Sul suo capo un fazzoletto le teneva indietro i capelli ricci, mentre un ciuffo nero le cadeva sulla guancia. Alcune rughe avevano già iniziato a comparire ai lati dei suoi occhi qualche anno prima. Si trascinò verso la sedia, mentre Tori si sedette sulle mie gambe. Aveva anche lei il grembiule verde delle cuoche, ma rispetto ad Elettra lei lavorava solo il pomeriggio, di conseguenza portava a casa la metà del denaro.
“Sappiamo benissimo entrambe quanto sia difficile che le guardie ti colgano con le mani nel sacco, ma con la pirateria non si scherza, non avresti dovuto nemmeno pensare di imbarcarti sotto una bandiera nera.”
“Spero tu non stia tentando di farmi ritrattare la decisione che ho preso ormai da tempo. Pensaci zia, con i pirati avrei un guadagno sufficiente e duraturo, con le bandiere dorate finirei per morire come lo zio, dispersa in mare, e voi morireste di fame. Vivremo tutte e tre benissimo grazie ai miei nuovi incarichi.” La zia scosse la testa con un sorriso amaro. “In ogni caso ero condannata dalla nascita ad andarmene di qui.” Dissi riferendomi al peso che gravava su di me per via della mia famiglia.
“Vivremo tutte e tre, ma non insieme come tua madre mi aveva pregato di essere.” Amavo davvero quella donna che aveva sostituito mia madre per quasi un decennio, ma a volte non riuscivo a cogliere appieno il suo modo di vedere la vita. Sempre così pacifista e ottimista, a volte era così difficile dissuaderla quando lei ed Elettra si impuntavano su un discorso o una decisione. Era come combattere contro le onde del mare.
“Zia, la mamma è morta tempo fa. Ho quasi diciassette anni e senza quel futuro saremo spacciate in pochi mesi; sta arrivando la guerra e mi chiameranno. Da morta non servo a nessuno.” Tori non sembrava affatto serena a quella prospettiva, mi riserbò un’occhiata truce. “La cittadella di Ember risponderà con il fuoco se necessario, dopo l’oltraggioso errore delle Tre Gemelle di aver affondato una sua nave da carico la scorsa settimana.

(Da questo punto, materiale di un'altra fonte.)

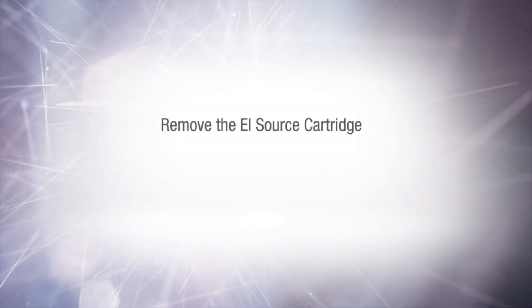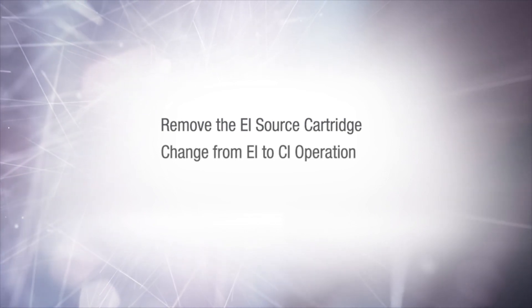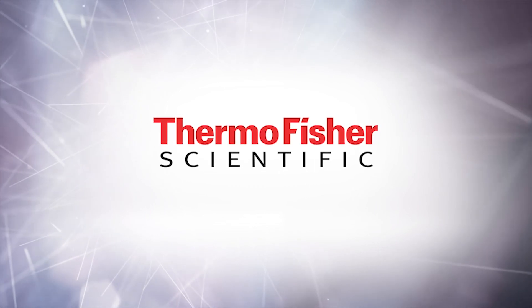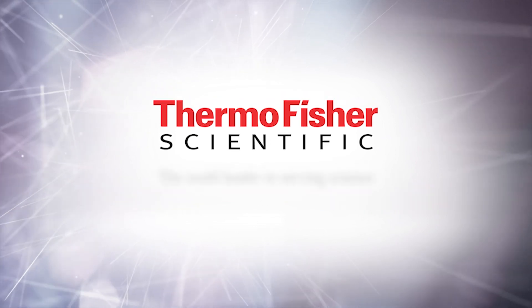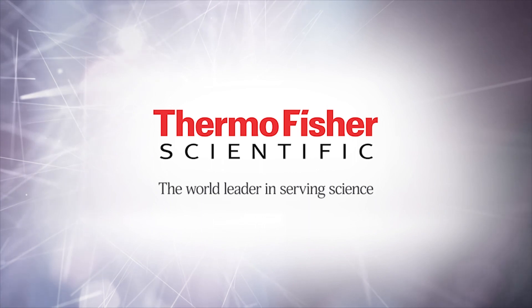You should now be able to remove the EI source cartridge, change the source configuration from EI to CI operation, and reinstall the CI source cartridge.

Il regno di Trule può scusarsi quanto vuole ma tutti sanno che non è stato un incidente, ci sono tensioni da secoli tra Trule e Neblos, finirà chiaramente nel sangue.”
Quelle suddette tensioni risalivano alla Ripartizione. Quando i territori furono suddivisi dall’imperatrice Lia, secondo il volere dell’ormai defunto imperatore, il caso volle che il regno di Trule era in gravi condizioni economiche dalle quali non si sarebbe ripreso da solo. Neblos fece cospicui prestiti che furono sempre più velocemente esauriti, fin quando rifiutò totalmente di assistere il regno alleato. Quel debito non fu mai estinto.
 “Spero non si arrivi a tanto.” Harriet continuava a mescolare le lenticchie nel piatto come se si aspettasse che queste, improvvisamente, si mettessero in bocca da sole.
“Sai bene cosa dice la legge, zia.” La mia voce smise di alzarsi di tono, si ruppe mentre una goccia salata mi solcava il viso.
Sapevo già cosa sarebbe accaduto a breve. Avrebbero chiamato una persona o due per casa tra i diciassette e i quaranta anni e l’avrebbero mandata in guerra a prescindere dal sesso, e nessuna tra Tori e Harriet possedeva i requisiti di età necessari. Non potevo di certo permetter loro di rimanere sole mandando me stessa al macello.